Now, you obviously have to have goals. You need a compelling vision to work towards, and you must have a future state to strive towards.
However, the human body can overdose on anything—even water. Likewise, excessive future planning can do significant damage to your mind and spirit.
The idea of having millions of dollars, a successful business, a big house and fast cards can be straight intoxicating. But I promise you, if you look closely at what actually happens when you create these compelling visions, you might find that it’s paralyzing you.
You languish in fantasy of a wonderful future, which placates you and prevents you from leaving your uncomfortable present.
Fantasy is a drug more potent and insidious than any narcotic.
Don’t get me wrong—having a compelling vision for your future is critical to your mission. It’s the north star you follow when you lose your way, and it is the foundation of your other guiding principles such as your values and your specific goals.
But if you work on your vision and feel satisfied afterwards, you’re doing it wrong. This is what fantasy does to you. It’s a painkiller that blinds you to the discomfort of your present situation. Why feel anxious about the present when the future will be so much better?
It gets even worse.
As time goes on, the medication wears off and the anxiety returns. And just like any narcotic, it comes back even worse. This requires an even heavier dose of the drug to keep you feeling comfortable.
This insidious cycle of stress and relief will hold you hostage for years if you let it. I’ve seen it happen, and you probably have too.
The solution? You have to unbalance the equation.
You feel anxious. You indulge in fantasy to reduce the anxiety and return to baseline. The anxiety returns with greater intensity, and you indulge in fantasy to a greater degree. The waveform grows in amplitude, but the baseline doesn’t shift. This is where the damage is done.
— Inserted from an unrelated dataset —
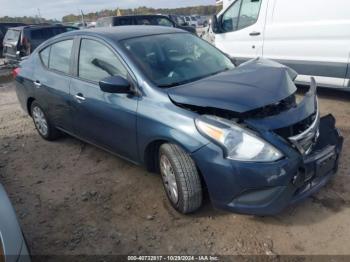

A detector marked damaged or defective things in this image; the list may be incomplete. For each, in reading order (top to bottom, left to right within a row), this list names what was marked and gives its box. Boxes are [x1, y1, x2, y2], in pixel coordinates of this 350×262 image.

You fix it by resisting the urge to numb your anxiety. Adapt to your existential dread. Incorporate it into your personality and let it become a part of you, because believe it or not, it’s there for a reason.
This is what you need in addition to an alluring goal to pull you forward: a healthy dissatisfied anxiety to push you forward.
The GPS you key into your phone is the destination that you’re going to, but it’s not what makes your car move. Your car moves because of the controlled explosions going on under the hood from the moment you start the car. Violent chemical reactions are taking place that provide the energy you use to move forward. The GPS is only there to keep you on course.
You need to be dissatisfied with where you are if you want to be somewhere else. Humans have an unhealthy tendency to stagnate when they’re comfortable. That’s why we’re so good at making things uncomfortable for ourselves.
Have you ever met someone who just has to have a problem to complain about? That’s because their brain paradoxically feels better when it has a problem to work on. They have no goals of their own, so they choose articles of idle gossip to complain about.
But despite the petty nature of their problem, it’s still a problem that they engage with. Because our brains simply need to. We humans are the best problem solvers that evolution ever produced. But if you take away our problems, we stagnate and rot in place.
That’s why drugs, including fantasy, are so destructive. They take away our primal need to tinker with problems and figure out how to fix them. They silence a core part of what makes our species great, and when that happens, it’s not just you that loses.
It’s all of us.
Don’t take away your problems by indulging in fantasy for too long. Look to your future from time to time, but spend the majority of your efforts embracing the discontent of your present. Hold it close and let it burn you until the urge to move forward is too powerful to resist.
Then put one foot in front of the other. Then do it again. And again. And never stop for too long.
Now quit fantasizing and go be excellent, friend.